The Non-Euclidean Euclidean Algorithm

TL;DR

This paper presents a novel interpretation of a geometrically motivated algorithm for determining the discreteness of two-generator real Mobius groups as a non-Euclidean Euclidean algorithm, linking hyperbolic geometry with classical division algorithms.

Contribution

It introduces a new perspective by interpreting the group discreteness algorithm as a non-Euclidean Euclidean algorithm, and applies it to find shortest curves on quotient surfaces.

Findings

The algorithm determines whether a two-generator real Mobius group is discrete.

It provides a method to find the three shortest curves on the quotient surface.

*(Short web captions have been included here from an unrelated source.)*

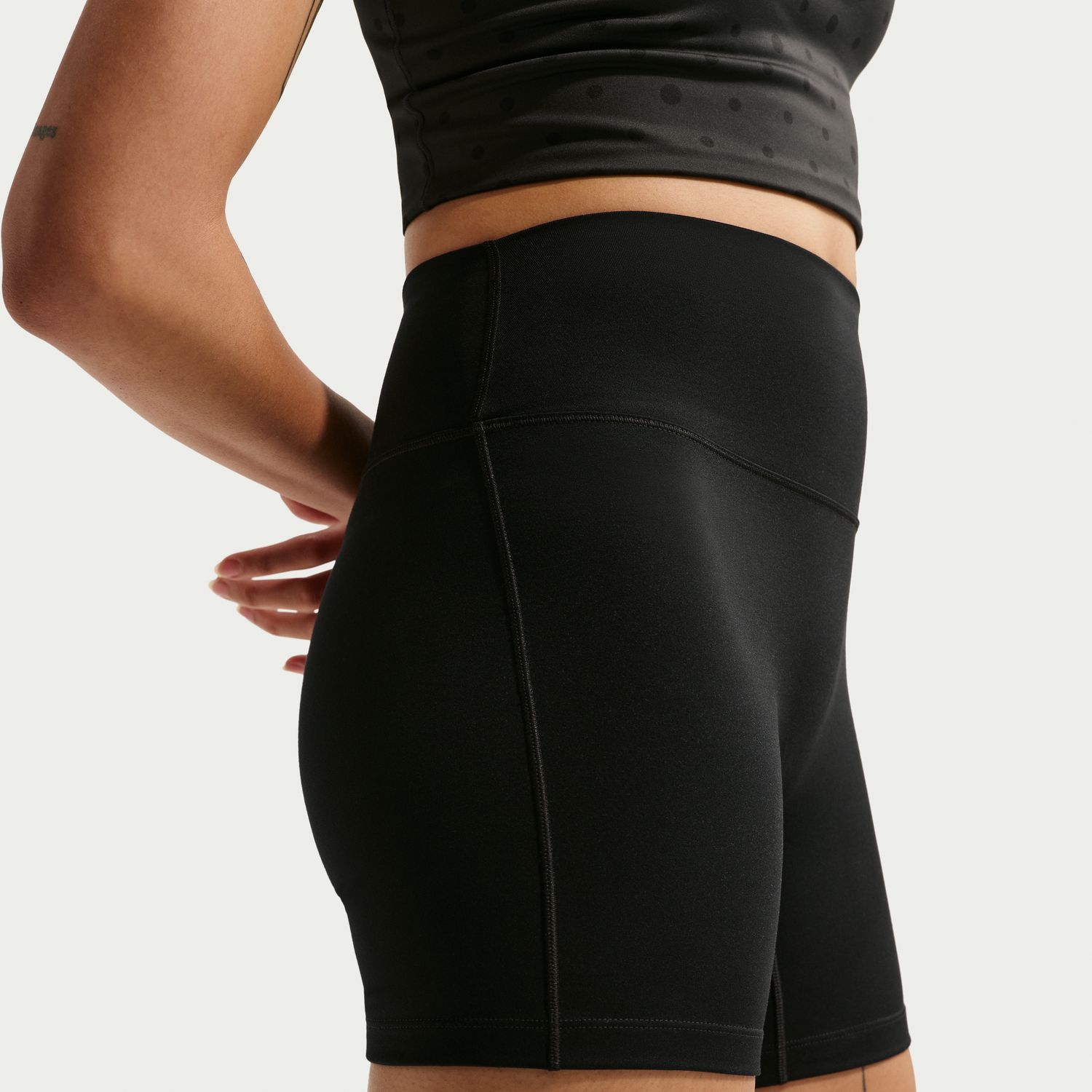 Leggings Tipo Calções de Mulher W Nk DF One HR 5In Preto-4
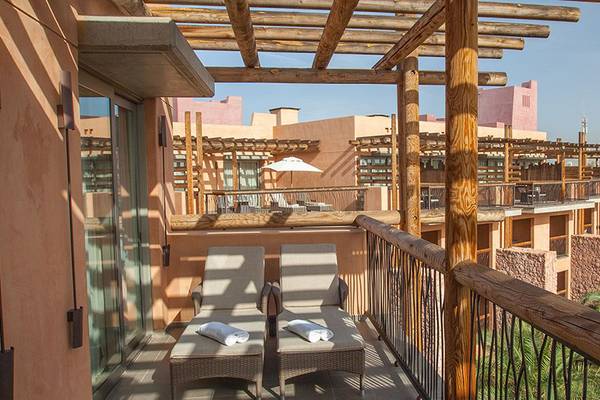 Terrasse des Lopesan Baobab Resorts mit Lounge-Sesseln und Blick auf die Anlage.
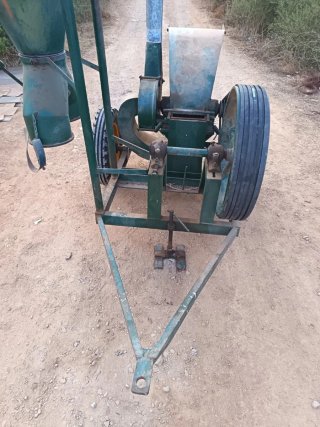 Molino triturador agrícola verde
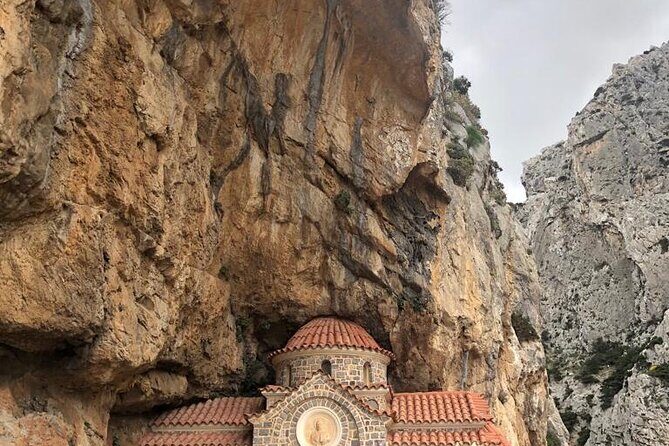 All day road trip from the North mountains to the South beaches - Who Should Consider This Tour?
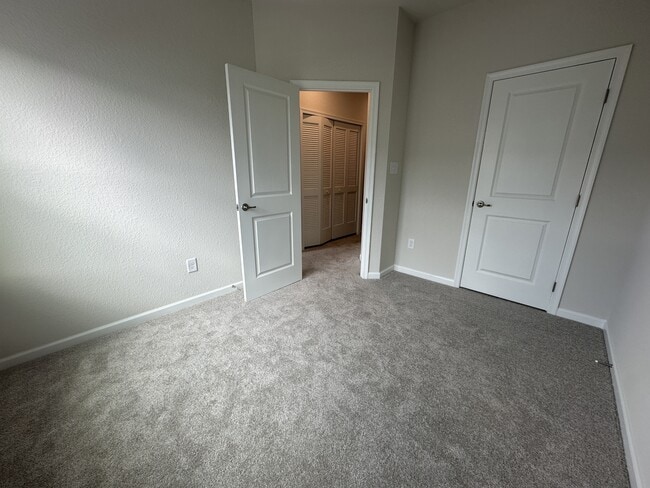 Building Photo - 222 Tern Ct
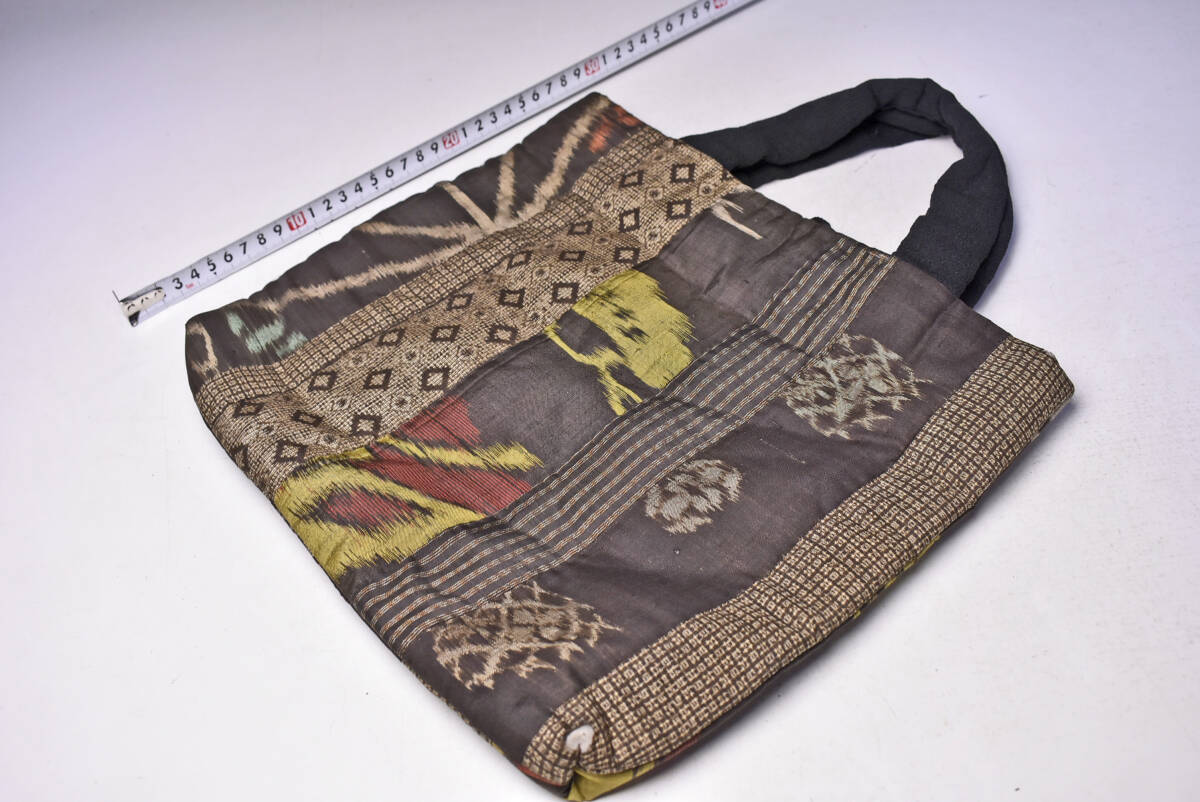 手提げバッグ ★ 古裂のパッチワーク ★ やわらか素材 ★ 底の角にホツレあり ★ 拍卖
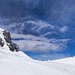 Mönchsjochhütte mit Schneetreiben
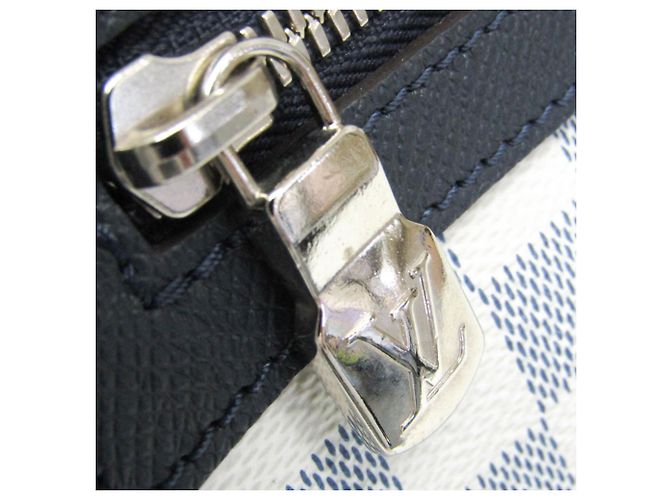 Borsa a tracolla Louis Vuitton Damier Coast Matchpoint Bianco Blu navy - vista 8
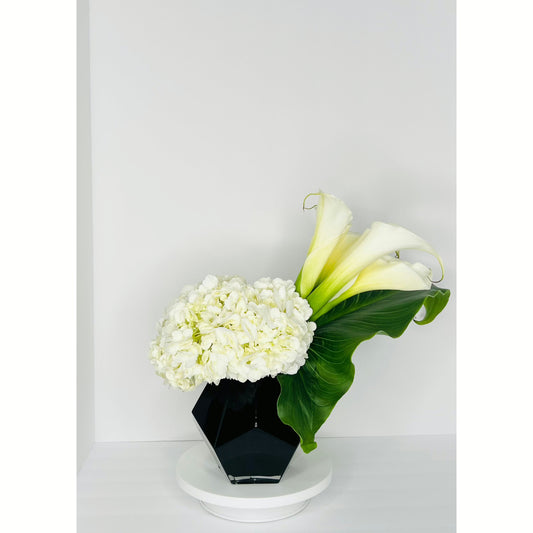 Simply White - MODERN FLOWER STUDIO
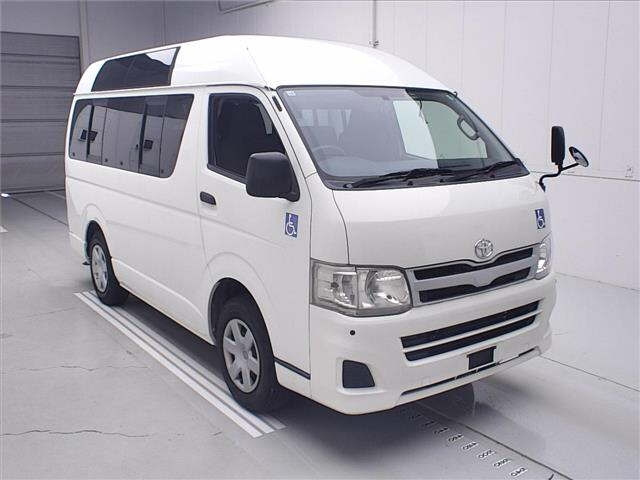 TOYOTA HIACE — фото
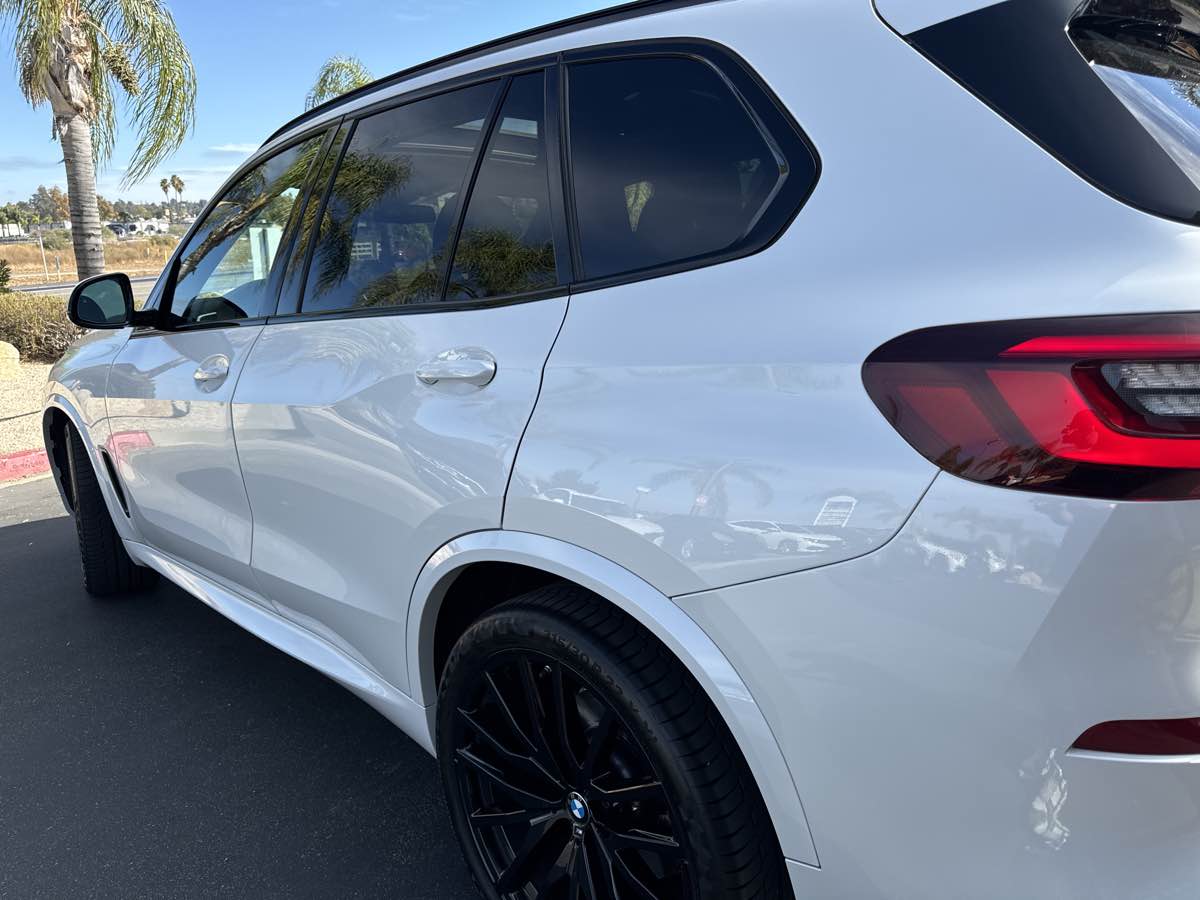 2022 BMW X5 40i photo 22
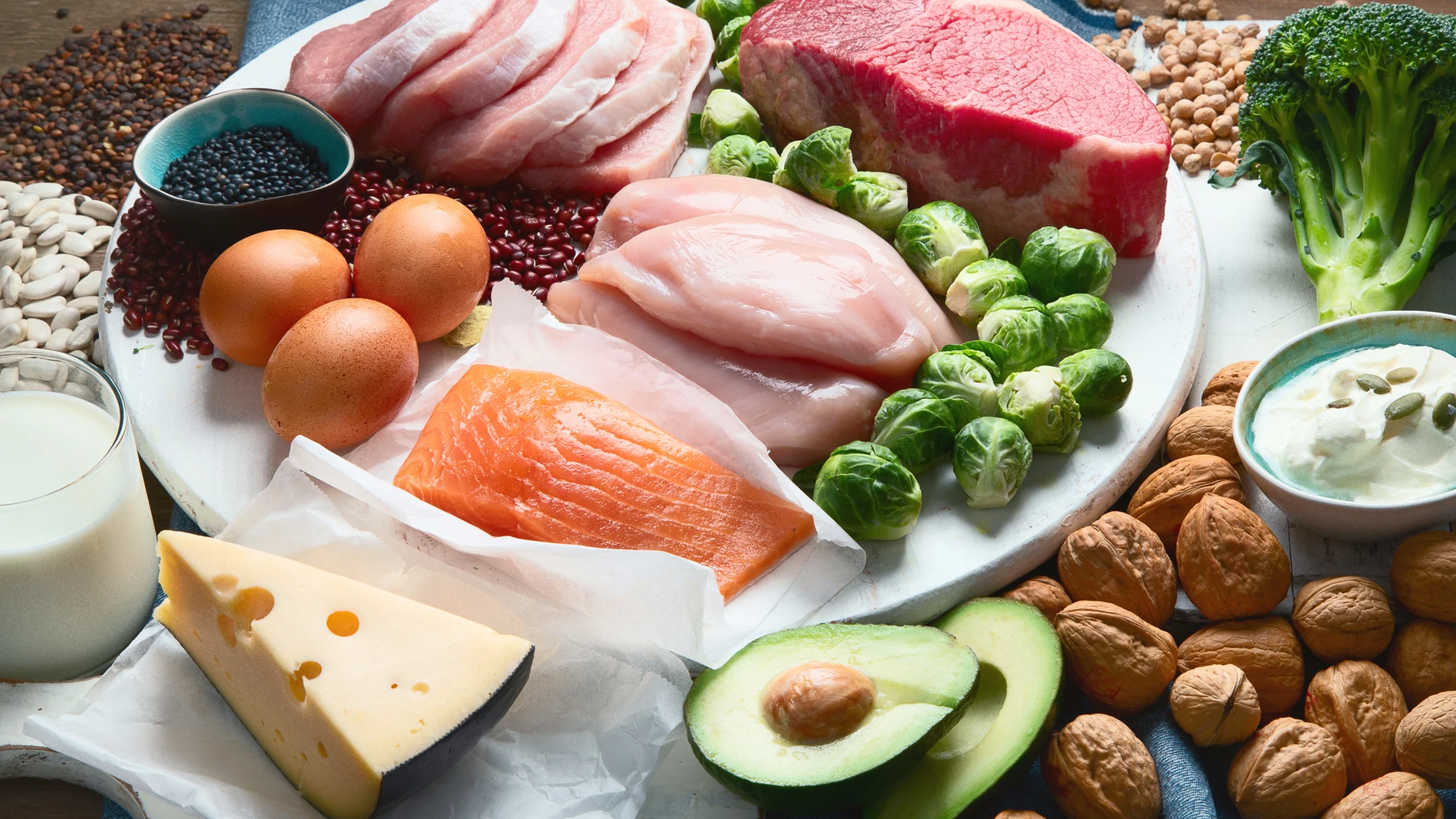 Al igual que existen alimentos con una gran cantidad de nutrientes y beneficios para la salud, también hay determinadas comidas o productos que debemos evitar para cuidar nuestro cuerpo y cerebro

The interpretation connects hyperbolic geometry with Euclidean division algorithms.

Abstract

In this paper we demonstrate how the geometrically motivated algorithm to determine whether a two generator real Mobius group acting on the Poincare plane is or is not discrete can be interpreted as a non-Euclidean Euclidean algorithm. That is, the algorithm can be viewed as an application of the Euclidean division algorithm to real numbers that represent hyperbolic distances. In the case that the group is discrete and free, the algorithmic procedure also gives a non-Euclidean Euclidean algorithm to find the three shortest curves on the corresponding quotient surface.